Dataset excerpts
+ + +

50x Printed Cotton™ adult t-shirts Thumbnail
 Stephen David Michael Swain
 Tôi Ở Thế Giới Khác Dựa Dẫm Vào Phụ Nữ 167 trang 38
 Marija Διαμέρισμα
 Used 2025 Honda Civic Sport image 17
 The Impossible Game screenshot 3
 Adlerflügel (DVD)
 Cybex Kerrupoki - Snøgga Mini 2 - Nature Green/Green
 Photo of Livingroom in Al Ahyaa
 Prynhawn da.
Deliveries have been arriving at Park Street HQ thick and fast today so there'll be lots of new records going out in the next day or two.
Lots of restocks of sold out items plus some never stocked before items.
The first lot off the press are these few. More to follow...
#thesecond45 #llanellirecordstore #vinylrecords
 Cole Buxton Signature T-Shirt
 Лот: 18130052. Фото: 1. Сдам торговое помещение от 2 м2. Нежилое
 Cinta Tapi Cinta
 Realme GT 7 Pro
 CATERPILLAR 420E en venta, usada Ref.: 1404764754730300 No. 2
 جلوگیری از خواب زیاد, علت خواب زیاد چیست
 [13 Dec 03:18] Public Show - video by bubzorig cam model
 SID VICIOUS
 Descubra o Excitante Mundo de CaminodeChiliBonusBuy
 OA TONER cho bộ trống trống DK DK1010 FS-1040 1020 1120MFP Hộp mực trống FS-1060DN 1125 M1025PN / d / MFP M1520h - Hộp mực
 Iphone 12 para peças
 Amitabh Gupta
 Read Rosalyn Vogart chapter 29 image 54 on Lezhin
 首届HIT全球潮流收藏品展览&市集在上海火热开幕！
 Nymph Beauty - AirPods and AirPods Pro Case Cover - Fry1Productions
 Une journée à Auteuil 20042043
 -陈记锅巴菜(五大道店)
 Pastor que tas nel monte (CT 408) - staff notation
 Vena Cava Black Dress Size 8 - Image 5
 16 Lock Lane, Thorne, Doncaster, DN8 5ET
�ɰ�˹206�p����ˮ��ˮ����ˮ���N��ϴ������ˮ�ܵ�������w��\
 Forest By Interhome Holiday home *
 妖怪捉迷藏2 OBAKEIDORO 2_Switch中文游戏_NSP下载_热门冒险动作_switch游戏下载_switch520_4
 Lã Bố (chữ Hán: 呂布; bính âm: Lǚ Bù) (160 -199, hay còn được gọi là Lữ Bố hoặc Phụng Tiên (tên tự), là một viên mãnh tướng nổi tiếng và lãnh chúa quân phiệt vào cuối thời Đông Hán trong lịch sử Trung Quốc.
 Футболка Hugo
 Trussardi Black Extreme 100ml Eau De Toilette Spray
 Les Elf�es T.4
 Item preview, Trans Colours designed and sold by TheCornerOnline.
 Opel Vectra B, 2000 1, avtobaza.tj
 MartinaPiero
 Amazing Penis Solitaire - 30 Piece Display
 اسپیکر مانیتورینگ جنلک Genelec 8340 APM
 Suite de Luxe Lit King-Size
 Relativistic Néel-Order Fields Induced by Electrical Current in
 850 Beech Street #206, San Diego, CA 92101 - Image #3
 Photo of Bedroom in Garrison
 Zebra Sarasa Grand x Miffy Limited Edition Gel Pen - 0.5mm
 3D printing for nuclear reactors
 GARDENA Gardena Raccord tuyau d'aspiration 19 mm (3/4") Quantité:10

+ + +

Return precisely the lines of the records, starting with the line that holds "Photo of Bedroom in Garrison" and ending with the last one.

 Photo of Bedroom in Garrison
 Zebra Sarasa Grand x Miffy Limited Edition Gel Pen - 0.5mm
 3D printing for nuclear reactors
 GARDENA Gardena Raccord tuyau d'aspiration 19 mm (3/4") Quantité:10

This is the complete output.